Public Mobile and DAVE Wireless are the quiet ones. Public Mobile, who recently revealed their distribution channel only spent $53 million in the auction. They will offer to value conscious Canadians a $40 monthly “unlimited flat-rate talk and text package, with no term commitment, no credit checks, no fine print and no surprises”. Even at the 2009 Canadian Telecom Summit last week Public Mobile CEO Alec Krstajic stated that his competition, because of the spectrum be bought, is not the old or new carriers: “The reality is, here is what you guys will do, if you go up at the upper end of the market to what I call over-served, you will have a situation where you will cause pricing to be more competitive, they will become more competitive, they will drop their prices to compete with you… If you look and smell like an incumbent you cause them to become more competitive and they make it really tough, they’ll put their foot on your throat”.

DAVE Wireless (they will be changing their name before officially launching) spent $243.1-million during the auction will offer phones with no-contract, unlimited voice & text messaging, free voice mail and long distance within Canada. Sounds familiar and much like current offerings. The good news for DAVE wireless is that have announced a couple key pieces of news. First, their device lineup will include BlackBerry and Android devices. Very good way to start a new wireless brand. In addition, they’ve recently signed a partnership with T-Mobile in the States for all their roaming.
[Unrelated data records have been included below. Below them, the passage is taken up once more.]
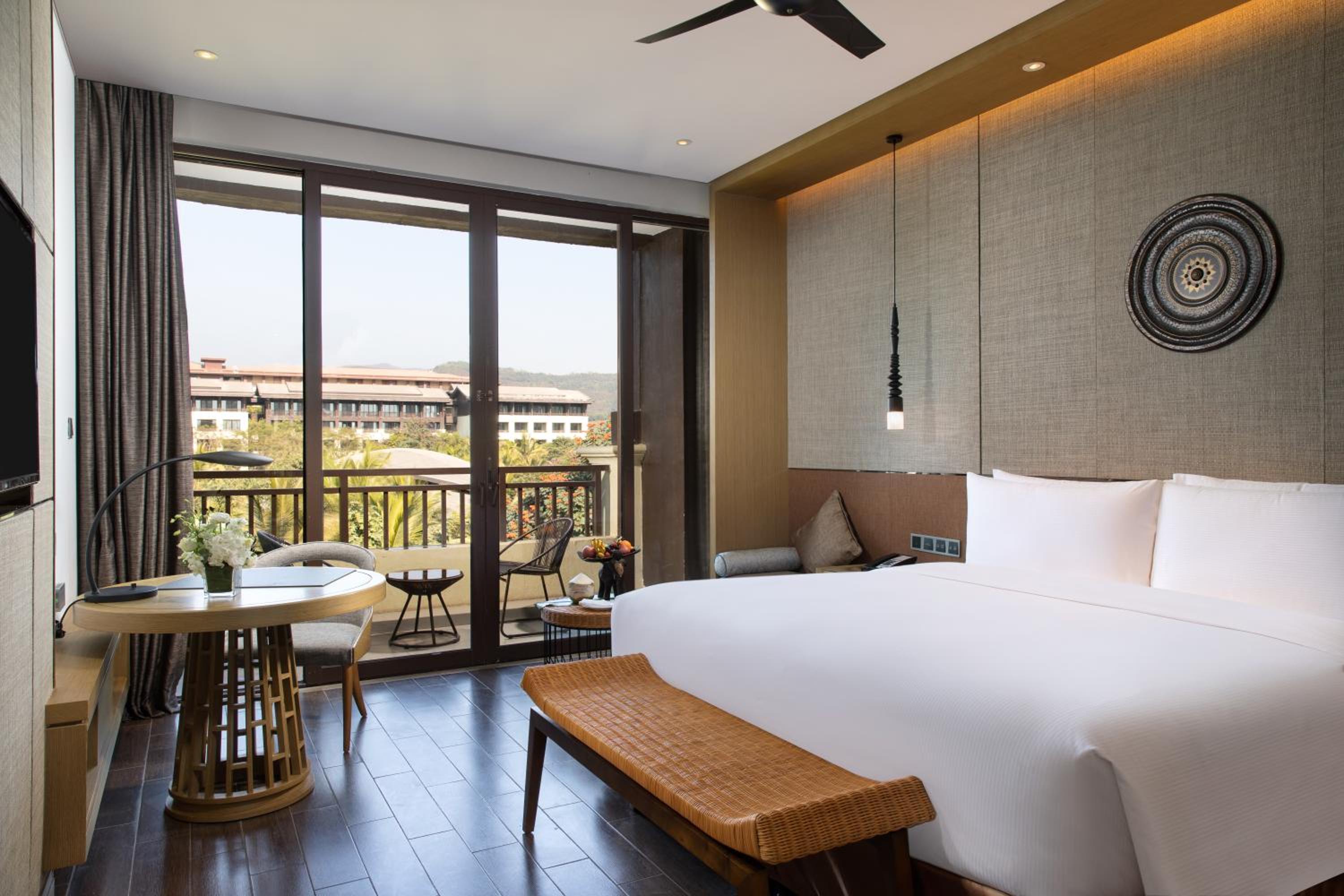 Premium Deluxe King Room with Balcony and Park View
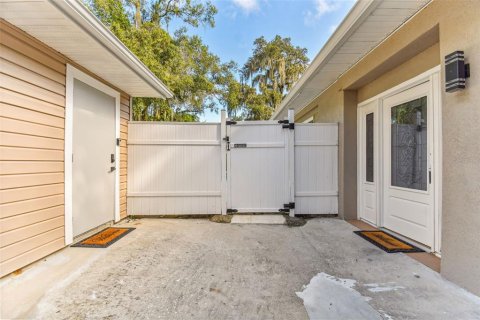 House in Temple Terrace, Florida 5 bedrooms, 209.12 sq.m. № 2217693 - photo 8
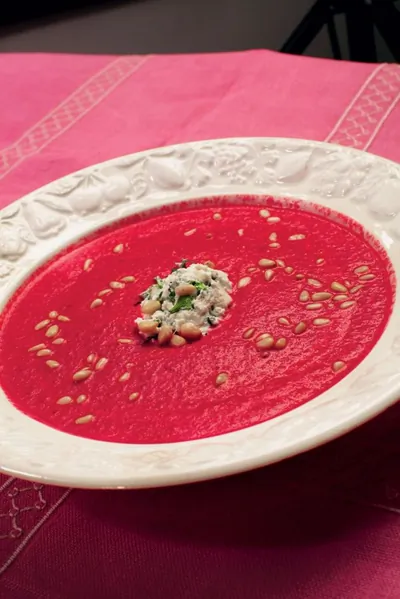 Свекольный крем с козьим сыром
So even though you don’t hear too much drama unfold from DAVE Wireless, they are flying so far under the radar now that I’m sure we will all be shocked when they officially roll out. This is just how John Bitove operates.

With all this being said, The Star reports that Rogers, Bell and Telus now say there’s evidence that shows the federal government’s actions to open up the Auction to new entrants may have actually hurt the $12.7 billion industry. In a report filed to Industry Canada says the government encouraged “gaming” to drive up auction bids for a record total of $4.46 billion. Michael Hennessy, TELUS SVP of regulatory and government affairs said that they have done an Independen study that shows “auction participants overpaid by as much as $2 billion for spectrum compared to what similar slices of airwaves have fetched in other countries, including the United States.” With overpaying, Hennessy says “This will push the industry back into a cumulative cash flow negative position for a number years”. Stating that the extra money should have been spent on building rural and remote regions, not areas urban areas with good coverage. “It’s very unclear now what the business case will be for the new entrants given that they are going to enter with plans that, to me, are reflective of the status quo” Hennessy said.

TELUS has been the most outspoken by far, but Bell stated in the filing that any failure of any of the new carriers is a “strong indication” that the Canadian wireless market cannot support more than three carriers. This all comes down to competition. New carriers coming into old territory. I mean if I was one of the carriers and these new kids came on the block I would do everything in my power to stall and capture as much business as I could before they get customer number 1.

Overpaying or not, the new players are coming fast, strong and with a great deal of fresh confidence. Will you be giving them a go?